Configure in `~/.sampler/config.yaml` or via `sampler config embeddings`:

```yaml
embeddings:
  provider: "bge-small"
  # provider: "ollama"
  # model: "nomic-embed-text"
  # base_url: "http://localhost:11434"
```

Install extras:

```bash
pip install 'sampler-cli[embeddings]'        # BGE (recommended)
pip install 'sampler-cli[ollama-embeddings]'
pip install 'sampler-cli[openai-embeddings]'
```

Run `sampler embed <project>` to precompute vectors for the active provider. Change providers?

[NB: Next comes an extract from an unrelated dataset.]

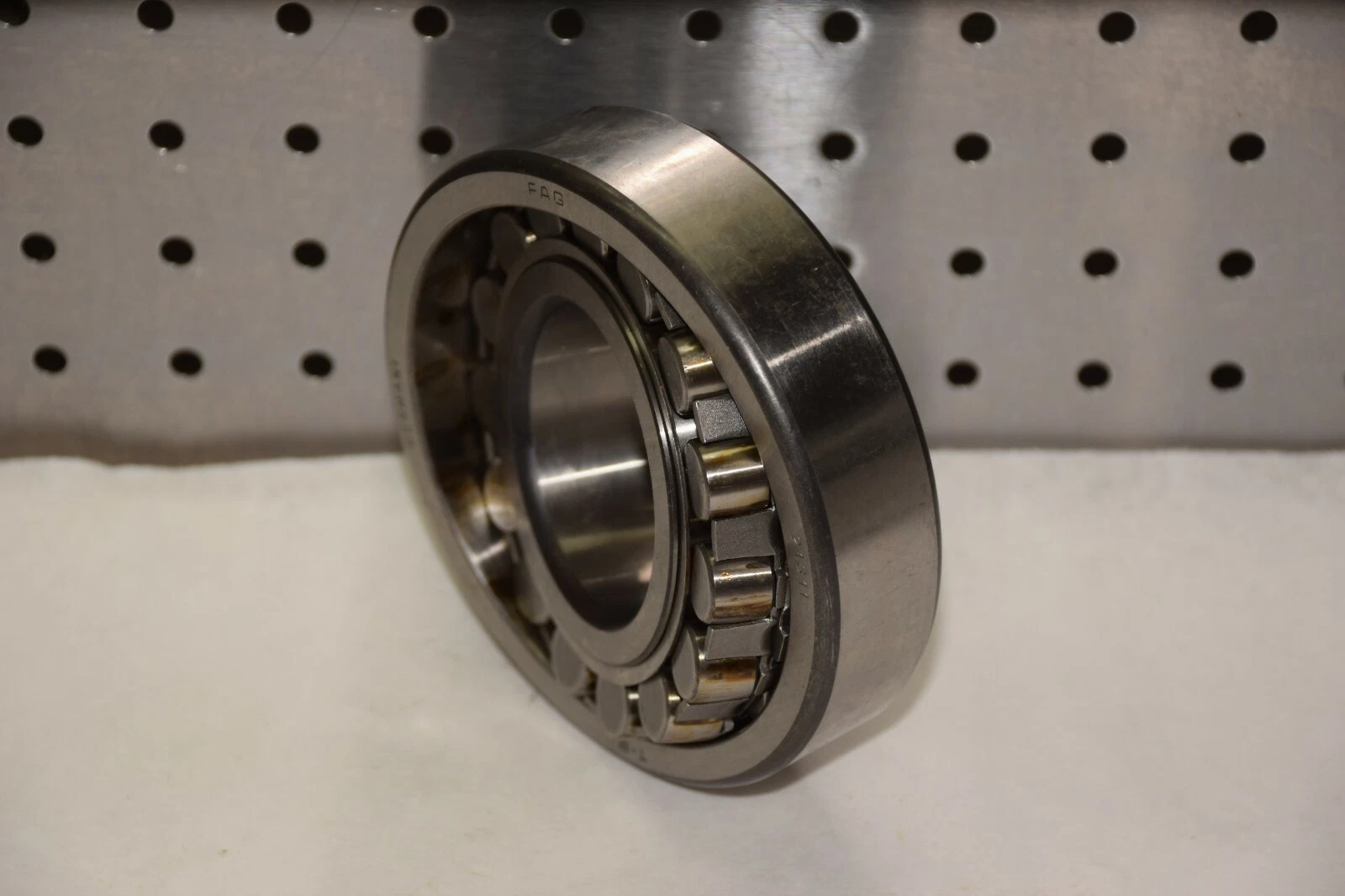 FAG 21311 SPHERICAL SELF ALIGNING BEARING NEW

Re-run `embed` after updating config.

Offline or air-gapped: set `provider: hash`, or rely on TF-IDF + hash with the `[semantic]` extra.

## Language Support

| Language | Parser |
| --- | --- |
| Python | stdlib AST |
| Go | tree-sitter-go |
| TypeScript / JavaScript | tree-sitter-typescript |
| Vue | Extracts `<script>` / `<script setup>`, delegates to TS/JS parser |
| Auto | Per-file detection for monorepos and multi-language projects |

## Stale Code Detection

`sampler stale-code <project>` finds functions that may no longer be needed:

- Called only from test files
- Zero non-test callers in the project call graph
- Defined in production code

Supported test patterns:

- Python: `tests/`, `test_*.py`, `*_test.py`
- Go: `*_test.go`
- TypeScript / JavaScript / Vue: `__tests__/`, `test/`, `spec/`, `*.test.*`, `*.spec.*`

This is a heuristic signal, not a guarantee of dead code.

## Examples

```bash
$ sampler search worker --project myproj
myproj:src/tasks/celery_app.py:70 function on_worker_ready  def on_worker_ready(sender)

$ sampler related ConfigManager --project myproj --style bars
myproj:src/config.py:24-105 class ConfigManager  [parent]
...

$ sampler stale-code myproj
myproj:src/utils/retry.py:12-28 function retry_request  test_callers=2 non_test_callers=0  [tests.test_retry.test_retry_request]
```

## Data Location

- Config: `~/.sampler/config.yaml`
- Database: `~/.sampler/graph.db`

## Running Tests

```bash
pytest -q
```

## Notes

- Compact output is the default by design — built for agent workflows and fast human scanning.
- For roadmap details, see [TODO.md](TODO.md) and [PLAN.md](PLAN.md).